Remus lo pensó durante un rato, no quería gastar una broma porque no quería tentar a la suerte y que sus amigos volvieran a comportarse como los adolescentes de era, escaparse a Hogsmeade estaba descartado porque por el tiempo deberían ir a las tres escobas y cualquier profesor se enteraría que habían estado ahí siendo los primeros estudiantes en aparecer en meses, y de repente una idea le vino a la cabeza.
- Lo tengo -contestó feliz.
- ¿Qué es? -Preguntó dudoso Sirius, estaba claro que pensaba que tenía que ver con los estudios y eso no pensaba hacerlo.
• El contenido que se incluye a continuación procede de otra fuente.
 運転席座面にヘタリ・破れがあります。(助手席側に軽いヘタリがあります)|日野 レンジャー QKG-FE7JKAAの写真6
- ¿Os acordáis de nuestro propósito de hace meses?
- ¿Meses? -Voceó Peter los pensamientos de los tres.
- Como por Octubre -dejó caer la fecha con la esperanza de que alguno tuviera una revelación.
Por el brillo en los ojos de James el azabache lo había entendido.
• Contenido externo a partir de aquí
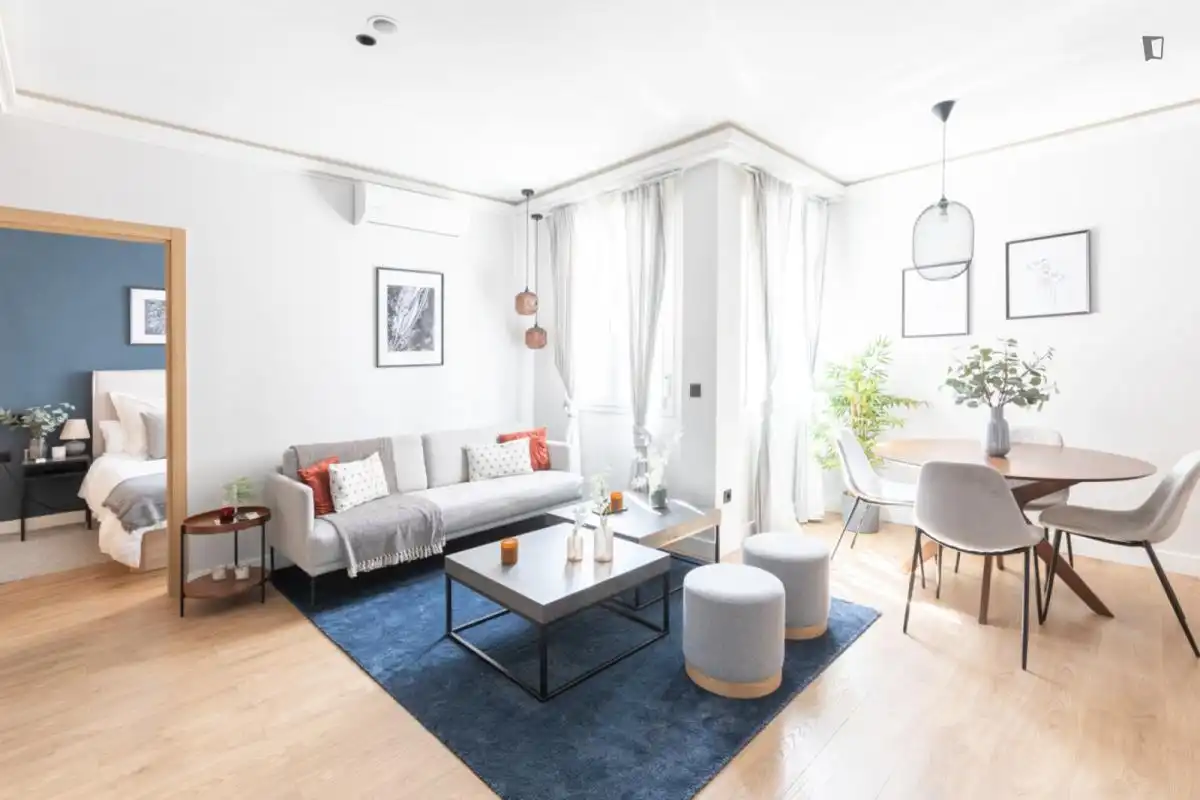Living room of Apartments for rent in  Madrid Capital  with Air Conditioner, Furnished and Oven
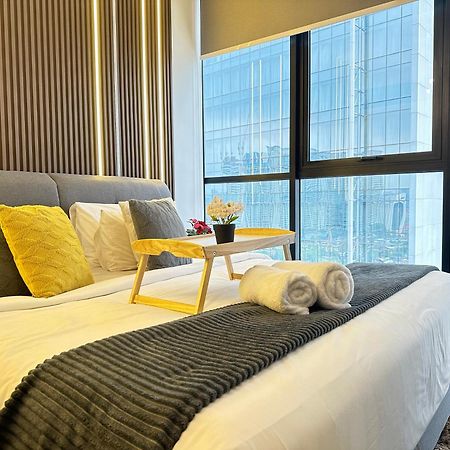 Scarletz Suites Klcc Twin Tower By Purple Orchid Куала Лумпур Екстериор снимка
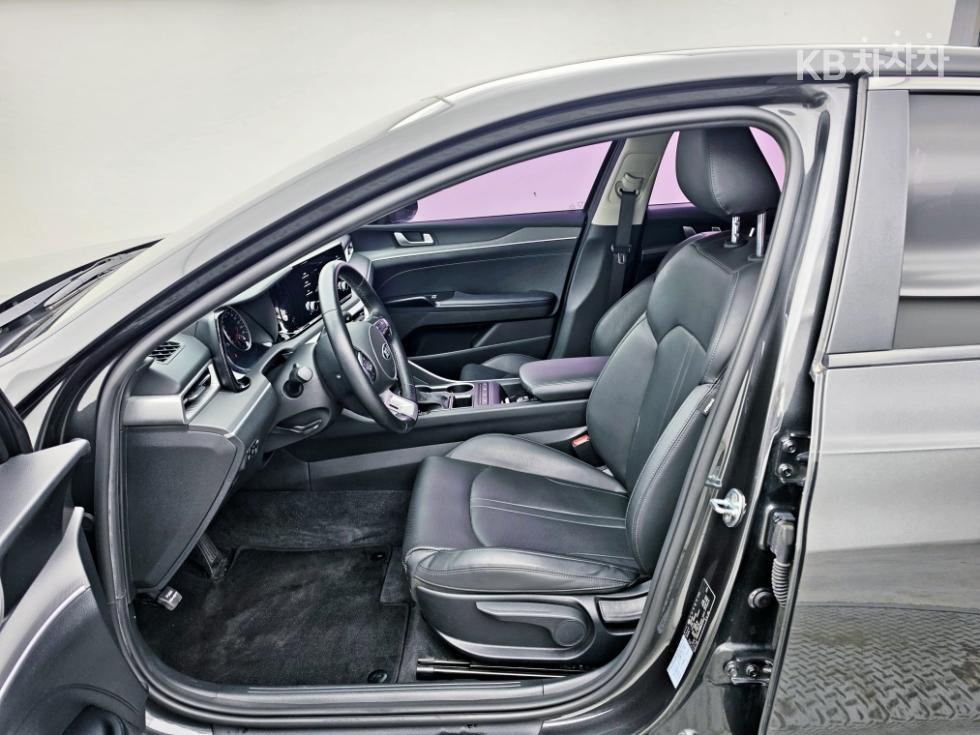 2021 - kia k5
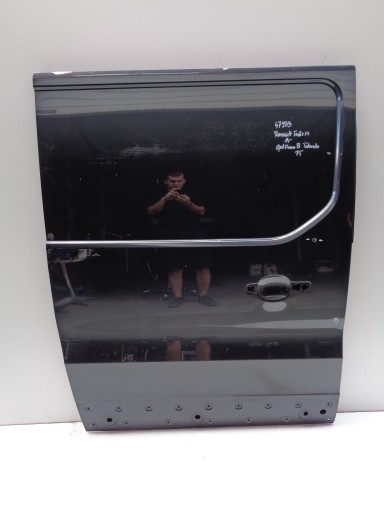 VRATA DESNA  ZADNJA BOČNA RENAULT TRAFIC OPEL VIVARO TALENTO 14- NR 47933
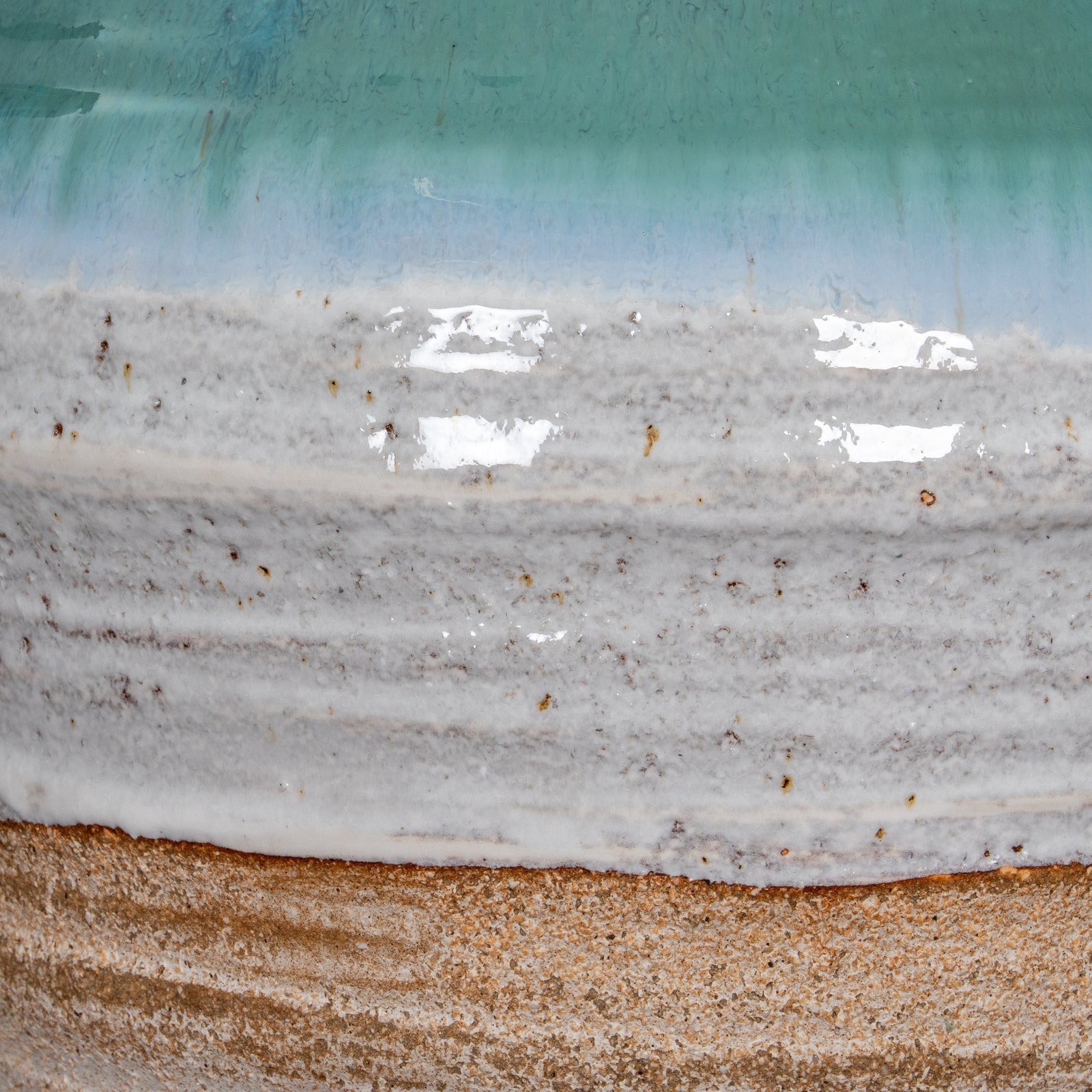 Fen Amphora Vase - Luxe Home Comforts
- ¿Hablas de un propósito que no solo era nuestro verdad? -Preguntó para corroborar sus sospechas.
Remus asintió con la cabeza, los otros dos seguían muy confundidos.
- Hace meses, cuando aparecieron por primera vez los carteles de propaganda anti-muggle en Hogwarts -dijo una vez más captando el interés de sus amigos y acabando con sus dudas -el ESH estaba en Hogwarts investigando a Dumbledore pero también abrieron una investigación acerca de los carteles. Como ya sabemos -evitó rodar los ojos el mismo, pero su expresión de fastidio era clara -no encontró al culpable, y los carteles siguen apareciendo. En Octubre nosotros y algunos más -su mirada se había clavado intencionadamente en Peter, no queriendo ver a James - nos propusimos encontrar a quién fuera responsable, pero con todo lo que pasó lo dejamos de lado. Estaba pensando que podíamos retomarlo ¿qué os parece si lo hacemos?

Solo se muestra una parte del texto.